Output all of the data below without changing a word, and exclude the pictures.

INPUT DATA below:

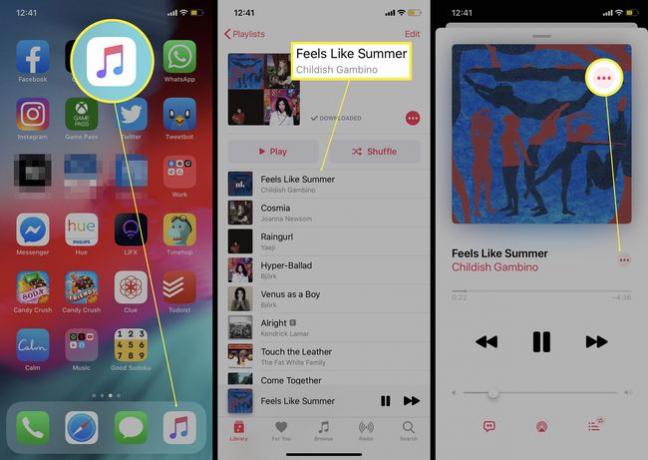 曲のアイコンが強調表示されたiPhoneの音楽アプリ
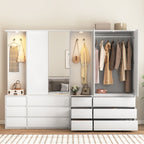Wardrobe Closet 71.7' H, Bedroom Wooden Wardrobe with 2 Doors 6 Drawers, Modern Clothing Storage Cabinet Combination with Storage Shelves and Hanging Rail, White - Grand Goldman Shop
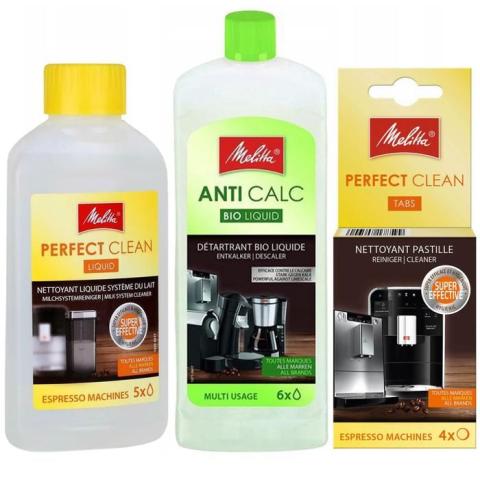 Melitta Perfect Clean x4 tablettes de nettoyage + Melitta Perfect Clean liquide 250ml + Melitta AntiCalc BIO Détartrant liquide Melitta Perfect Clean x4 tablettes de nettoyage + Melitta Perfect Clean liquide 250ml + Melitta AntiCalc BIO Détartrant liquide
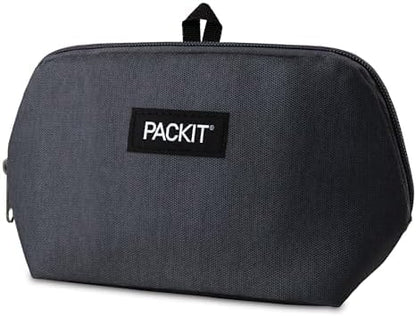PackIt® Freezable Snack Bag, City Charcoal, Built with ECOFREEZE® Technology, Foldable, Reusable, Zip Closure, Designed For Keeping Snakcs Fresh On the Go, and Adults of all Ages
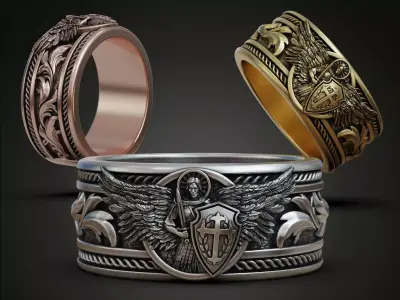 Saint Archangel Michael Baroque Band Ring Detailed Original 3D print model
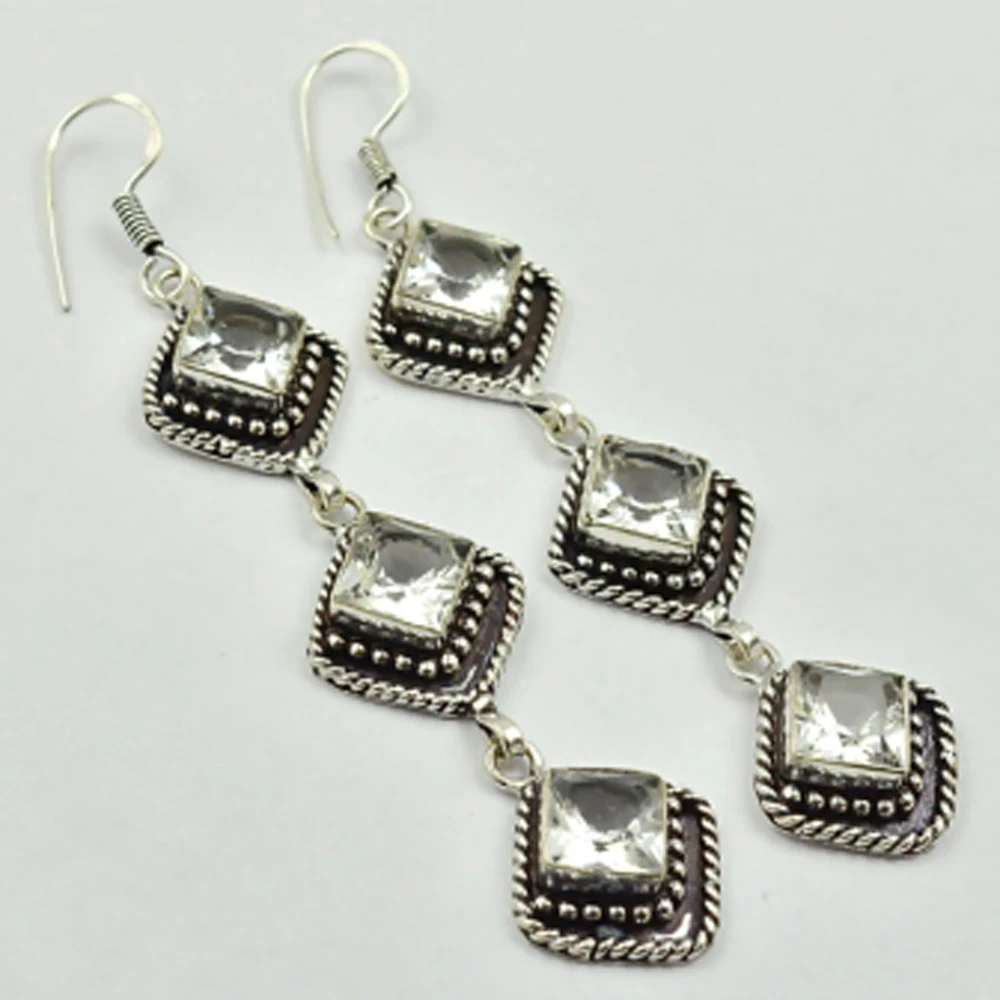 

White Topas Earrings Silver Overlay over Copper, Total Length 82mm , E2896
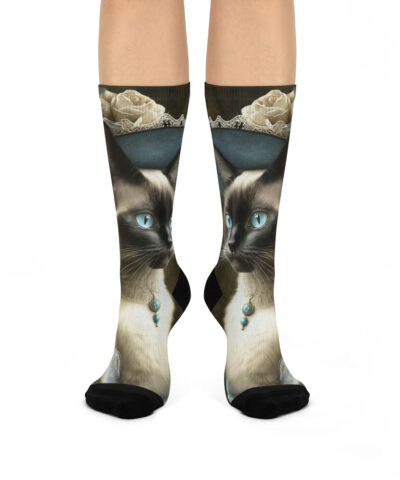 71924 114 400x480 - Retro Victorian Siamese Cat in New Bonnet Cushioned Crew Socks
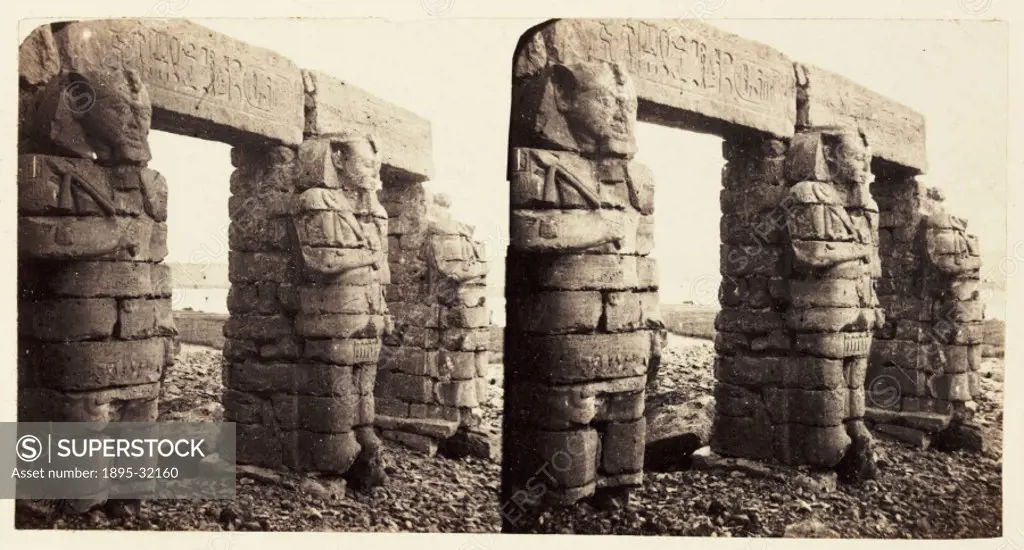 A stereoscopic photograph of Osiris-style columns depicting Ramesses II (1279-1213 BC) at the Temple of Gerf Hussein near Aswan, Egypt, taken in 1859 ...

End of INPUT DATA.

_ANSWER FOR THE TASK_
 曲のアイコンが強調表示されたiPhoneの音楽アプリ
Wardrobe Closet 71.7' H, Bedroom Wooden Wardrobe with 2 Doors 6 Drawers, Modern Clothing Storage Cabinet Combination with Storage Shelves and Hanging Rail, White - Grand Goldman Shop
 Melitta Perfect Clean x4 tablettes de nettoyage + Melitta Perfect Clean liquide 250ml + Melitta AntiCalc BIO Détartrant liquide Melitta Perfect Clean x4 tablettes de nettoyage + Melitta Perfect Clean liquide 250ml + Melitta AntiCalc BIO Détartrant liquide
PackIt® Freezable Snack Bag, City Charcoal, Built with ECOFREEZE® Technology, Foldable, Reusable, Zip Closure, Designed For Keeping Snakcs Fresh On the Go, and Adults of all Ages
 Saint Archangel Michael Baroque Band Ring Detailed Original 3D print model

White Topas Earrings Silver Overlay over Copper, Total Length 82mm , E2896
 71924 114 400x480 - Retro Victorian Siamese Cat in New Bonnet Cushioned Crew Socks
 A stereoscopic photograph of Osiris-style columns depicting Ramesses II (1279-1213 BC) at the Temple of Gerf Hussein near Aswan, Egypt, taken in 1859 ...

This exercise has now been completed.